▸ **Given data**
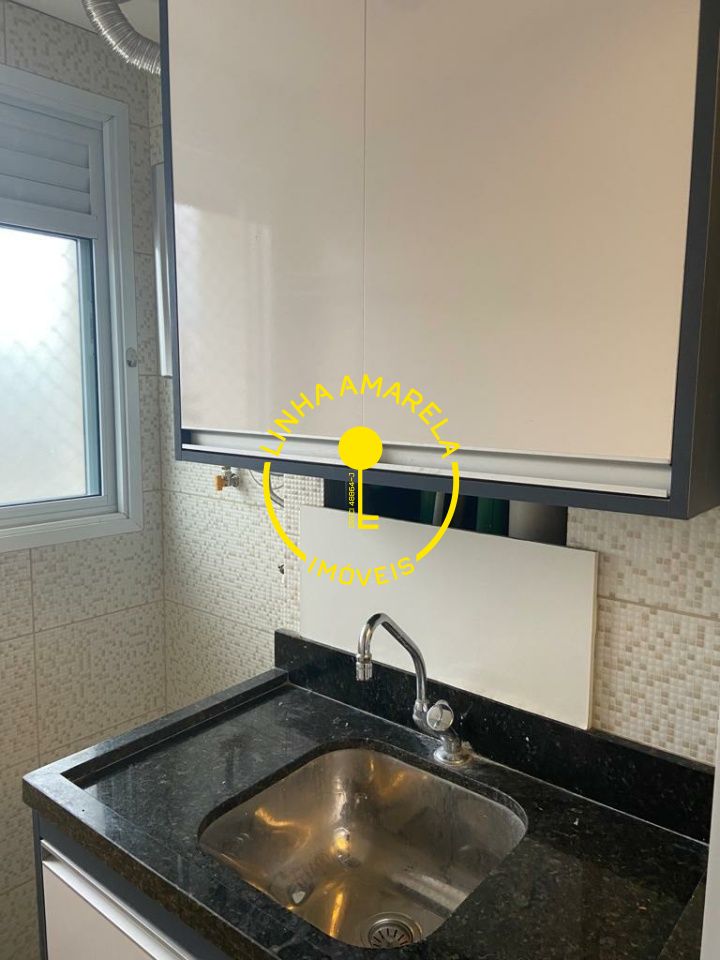 Foto 5 — Apartamento em Vila Sônia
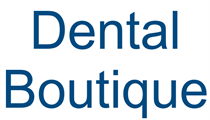 Dental Boutique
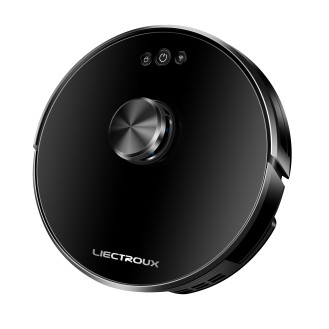 LIECTROUX XR500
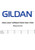 Gildan Ladies' SoftStyle® Fitted V-Neck T-Shirt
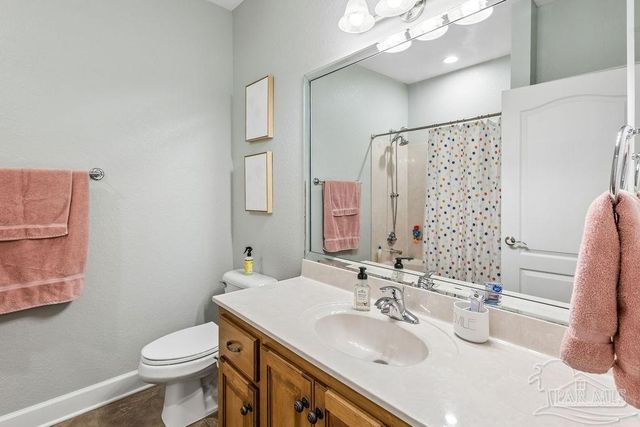 3689 Laurel Lee Blvd, Pace, FL 32571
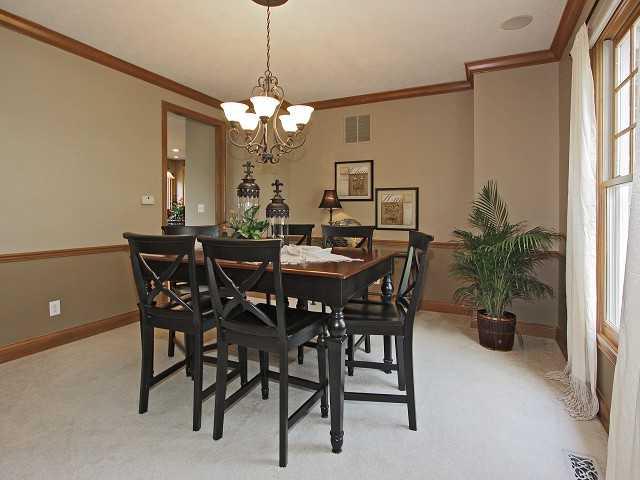 9763 Springstone Road McCordsville, IN 46055 - Photo 5 of 24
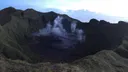 Aktivitas seismik Gunung Awu meningkat, warga diimbau jauhi radius bahaya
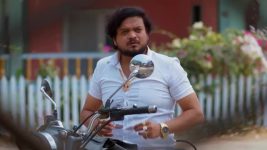 Ennallo Vechina Hrudayam (Zee telugu) S01 E329 14th February 2026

▸ **Problem description**
In the records above, find the line that contains "Gildan Ladies' SoftStyle®". Retype it and every line after it, exactly, leaving out all pictures.

▸ **Answer box**
 Gildan Ladies' SoftStyle® Fitted V-Neck T-Shirt
 3689 Laurel Lee Blvd, Pace, FL 32571
 9763 Springstone Road McCordsville, IN 46055 - Photo 5 of 24
 Aktivitas seismik Gunung Awu meningkat, warga diimbau jauhi radius bahaya
 Ennallo Vechina Hrudayam (Zee telugu) S01 E329 14th February 2026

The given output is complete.